> **DATA TO PROCESS**
####

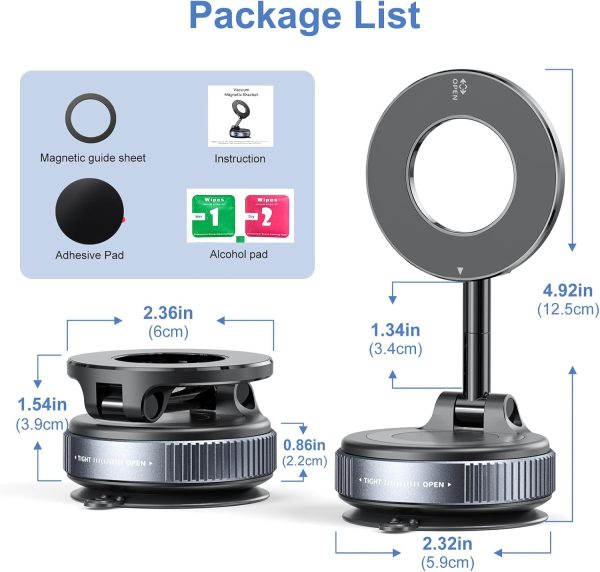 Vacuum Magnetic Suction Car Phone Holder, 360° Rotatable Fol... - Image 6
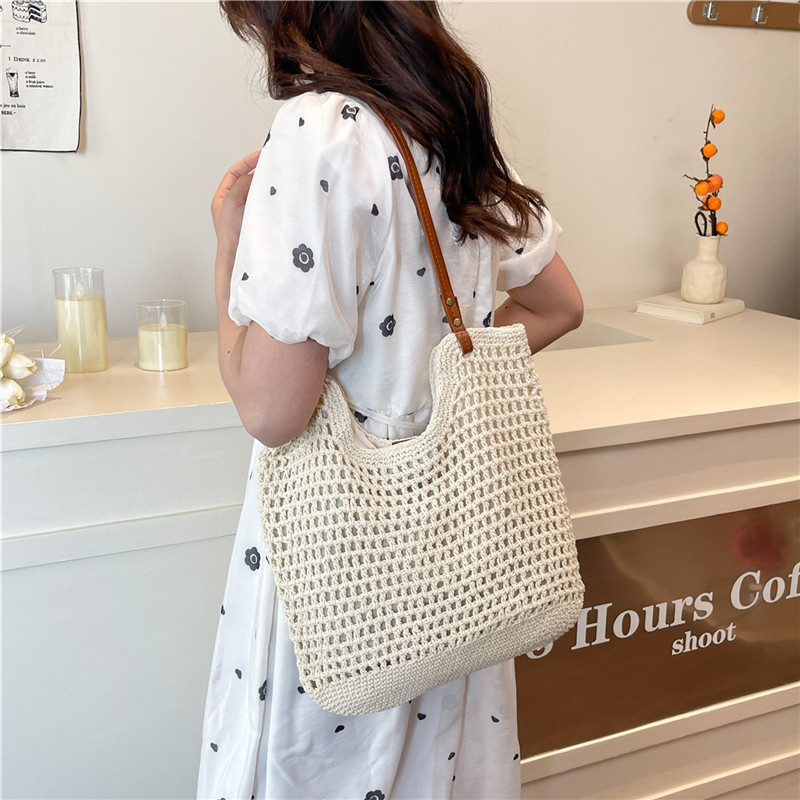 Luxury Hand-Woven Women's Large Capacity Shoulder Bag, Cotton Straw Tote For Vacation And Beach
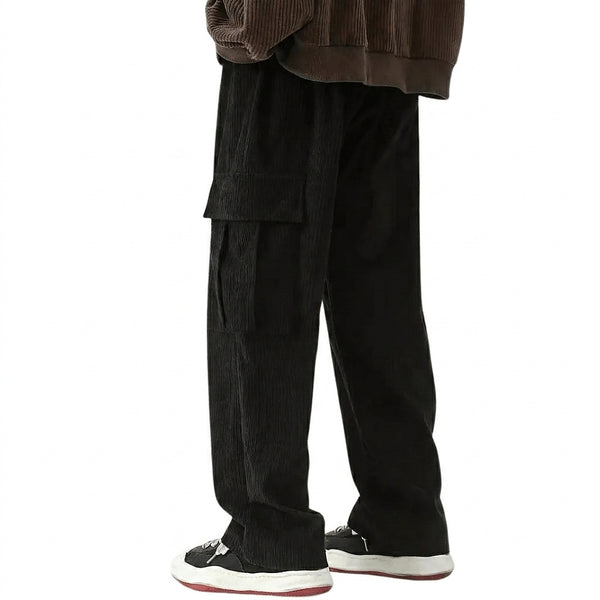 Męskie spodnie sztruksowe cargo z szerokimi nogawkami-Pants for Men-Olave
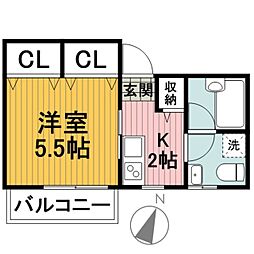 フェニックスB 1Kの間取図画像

####

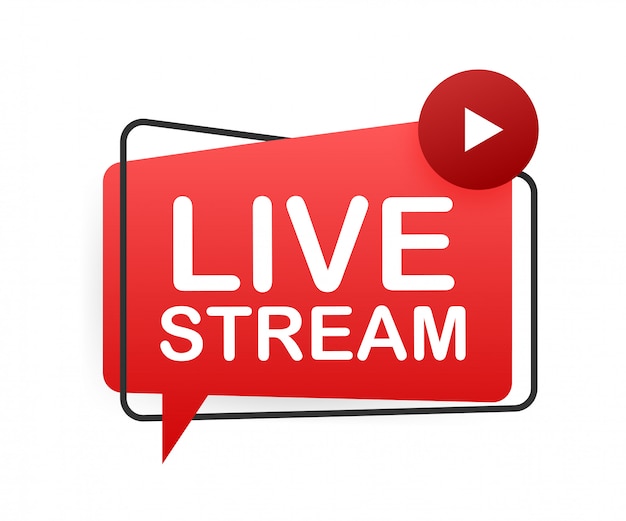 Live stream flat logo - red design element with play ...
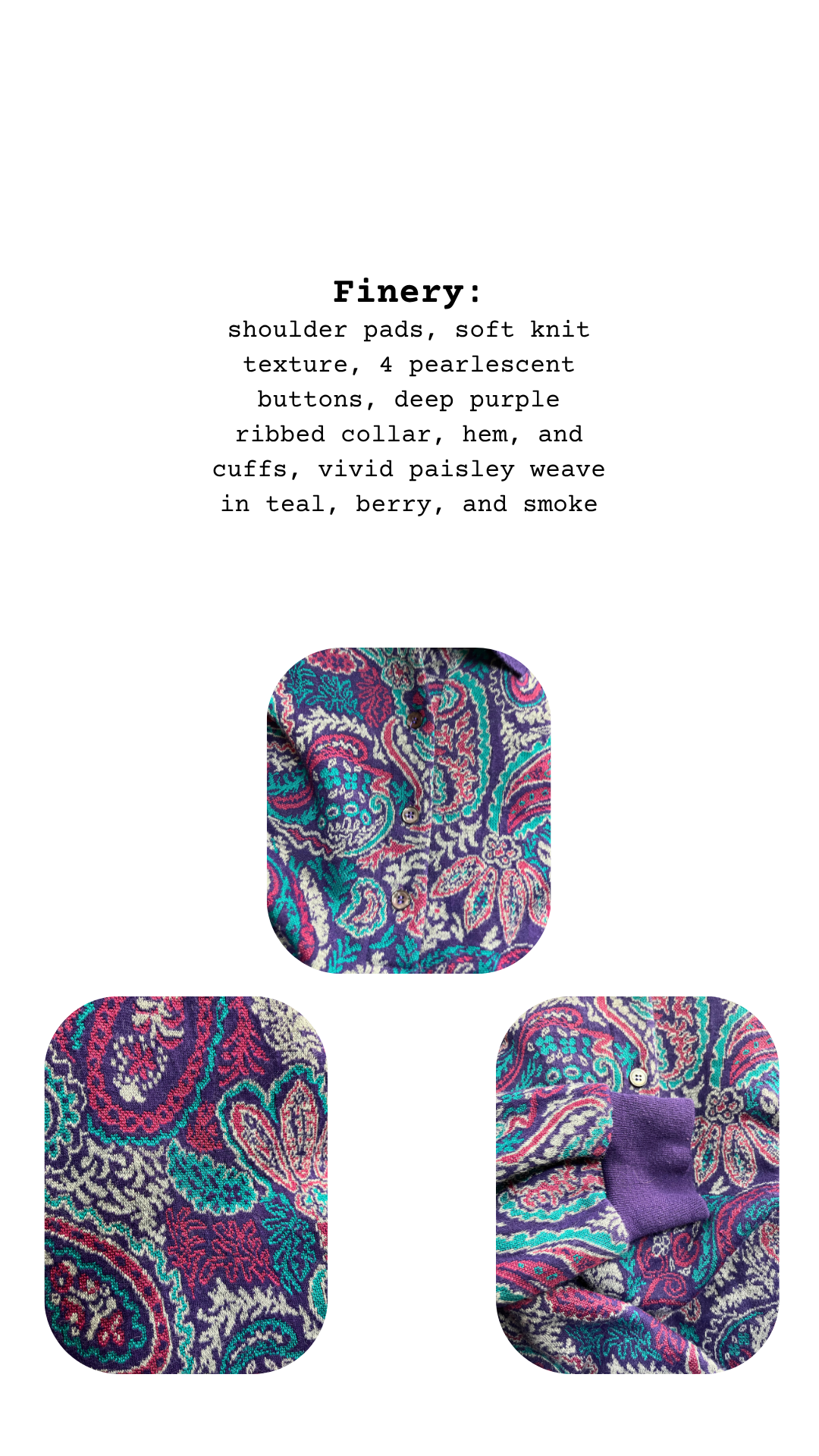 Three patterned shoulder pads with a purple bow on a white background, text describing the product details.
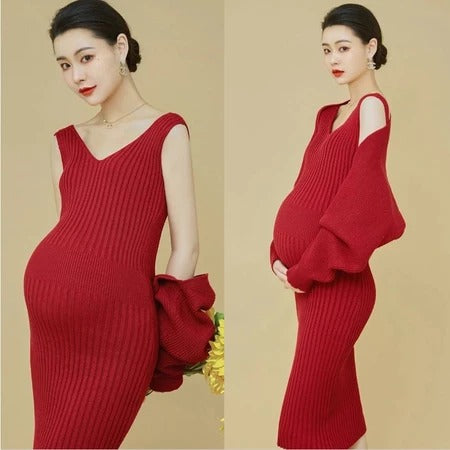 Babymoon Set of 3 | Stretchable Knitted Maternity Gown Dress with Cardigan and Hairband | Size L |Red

####

> **TASK GOAL**
Copy exactly the material above from the line with "Live stream flat" to the line with "Babymoon Set of", ends included, and nothing else. Leave out any picture.

> **RESULT FOR THIS TASK**
 Live stream flat logo - red design element with play ...
 Three patterned shoulder pads with a purple bow on a white background, text describing the product details.
 Babymoon Set of 3 | Stretchable Knitted Maternity Gown Dress with Cardigan and Hairband | Size L |Red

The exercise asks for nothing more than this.